Pues bien: ya en la orilla, don José Ramón abandonó a nuestro pequeño y entrañable veraneante y se marchó, solo y altivo, río arriba, en pos de las pozas recónditas donde las truchas, como por entretenerse, pican el anzuelo en el menor descuido.

Nuestro pequeño veraneante se sentó en la orilla, caña en ristre*, y esperó. De cuando en cuando miraba para detrás, por si era visto, sacaba el anzuelo del agua y le renovaba el cebo, que se había llevado, ¡tan desconsideradamente!, aquella trucha que pasó y que no faltó nada, verdaderamente, para que* hubiera quedado colgada, como un calcetín, al extremo del sedal.



Alimentando truchas y contemplando el paisaje, nuestro pequeño veraneante había ya herido de muerte a la mañana. El sol marcaba ya poco menos que el mediodía, cuando por

la orilla del río abajo se vio venir a otro pescador.
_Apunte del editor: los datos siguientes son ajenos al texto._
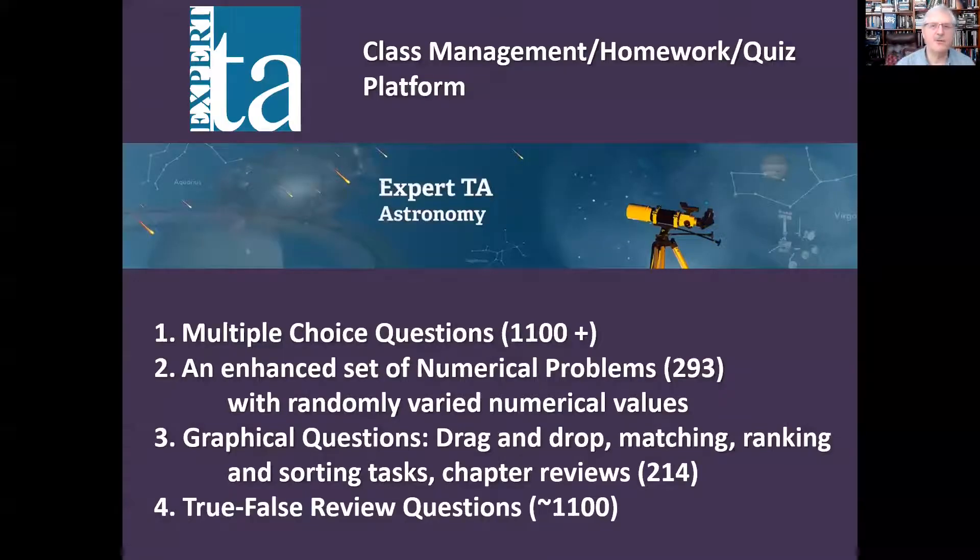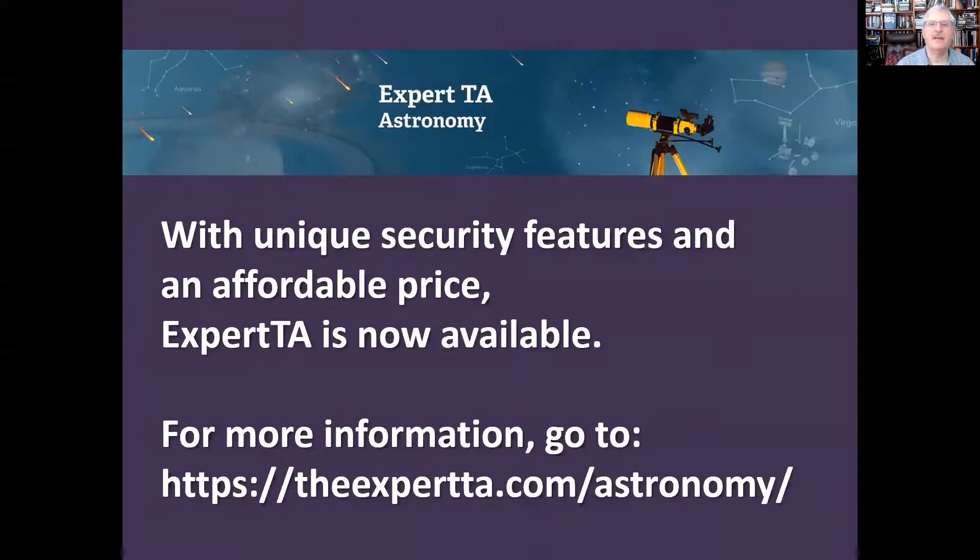In addition to the book, we also have a class management and learning management program called Expert TA Astronomy. Expert TA is a partner company with OpenStax, and it has thousands of problems that you can use for homework or testing with the OpenStax Astronomy book — just Google Expert TA Astronomy. It has some wonderful security features and is much more affordable than commercially available learning management systems. You can find it at theexpertTA.com/astronomy.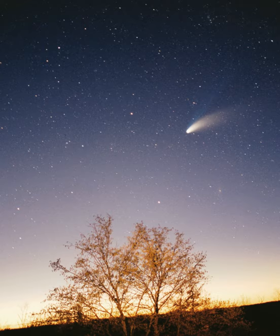The solar system is the gravitationally bound system of the Sun and the objects that orbit it, either directly or indirectly. Of the objects that orbit the Sun directly, the largest are the eight planets, with the remainder being smaller objects, such as the five dwarf planets and small solar system bodies.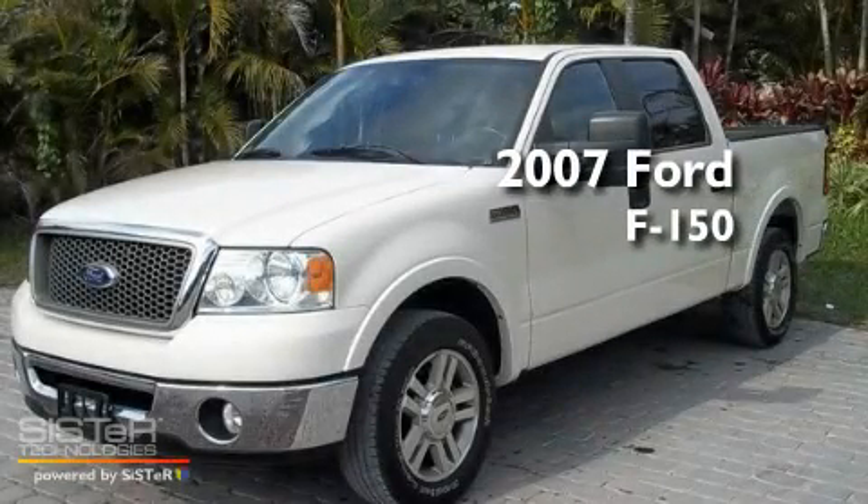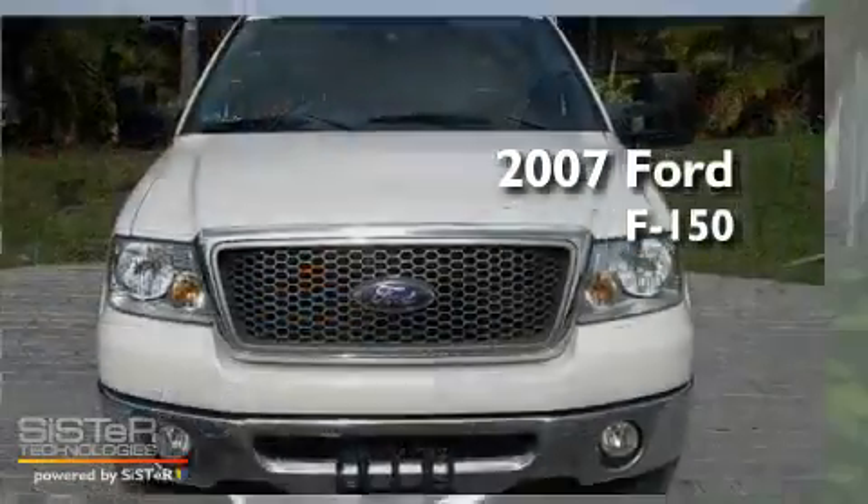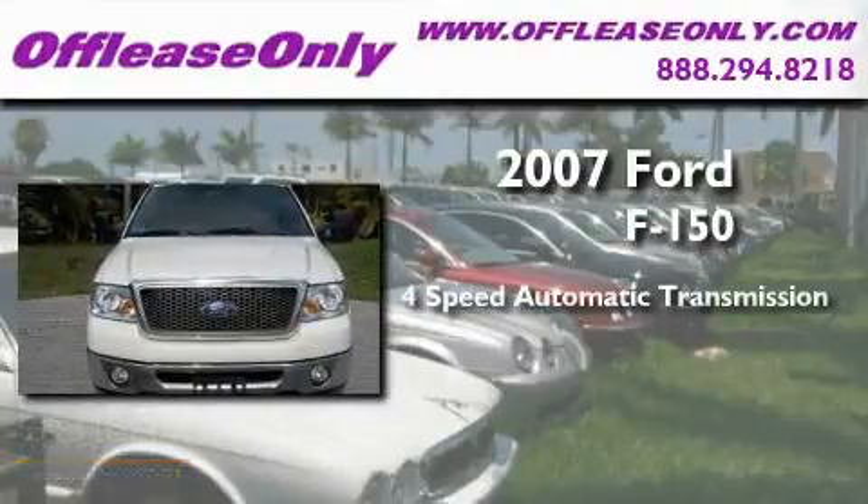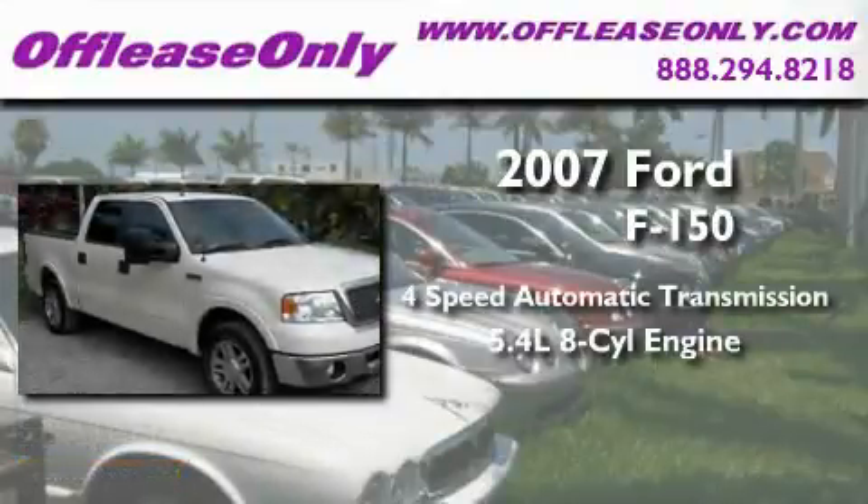This is a 2007 Ford F-150. This truck has a 4-speed automatic transmission and a 5.4-liter V8.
Era un hombre joven, armado con una caña bastante peor, pero por lo visto, bastante más eficaz que la de nuestro pequeño veraneante o la de su amigo don José Ramón. El hombre de la caña mala llevaba al costado un fardelejo rebosante de peces. Verlo y tramar nuestro pequeño veraneante toda una suerte de malévolas inclinaciones, fue todo uno. Cuando estuvo al alcance, nuestro pequeño veraneante le soltó:

—Qué... ¿Buena pesca?

— ¡Bah, según cómo se mire!

—Pero hombre, yo veo su bolsa llena de truchas.

—Sí, alguna picó. ¿Y a usted, qué tal se le ha dado?

—No sé. Hace cinco minutos que he bajado.

Nuestro pequeño veraneante sintió que el corazón le latía más fuerte cuando mentía como un bellaco. Quiso variar el sesgo de la charla y preguntó, como distraídamente:

—Hombre, a propósito, ¿no ha visto usted por ahí arriba a un señor que lleva una chaqueta verde?

—Sí, allá lo dejé. ¡Llevaba una caña magnífica!

— ¡Ya lo creo, muy buena! Y qué, ¿sabe
usted si pescó algo?

—No, señor, no había pescado nada, ni creo que lo pesque; llevaba demasiado plomo.

Nuestro pequeño veraneante hizo un esfuerzo supremo y, mirándole fijamente a los ojos, le dijo al pescador de la caña mala y eficaz.

—Le doy a usted diez duros por una trucha pequeña. ¿Hace?*

—Es que, mire usted..., yo no vendo.

—Le doy a usted veinte duros. ¿Hace?

El pescador de la caña que servía para pescar, miró para el horizonte, se atusó el bigote, se metió un dedo en la nariz y exclamó, con el gesto solemne como un senador romano:

— ¡Hace!

Nuestro pequeño veraneante colgó su truchita del anzuelo y esperó. Cuando don José
Ramón llegó, nuestro pequeño veraneante
tiró con fuerza de la caña, dio unos cuantos
gritos y se revolcó, jubiloso, sobre la verde
orilla. Nuestro pequeño veraneante era un
actor dramático consumado. Don José Ramónlo miró y dejó caer la cabeza, abatida, sobreel pecho. Acababa de recibir un rudo golpe moral.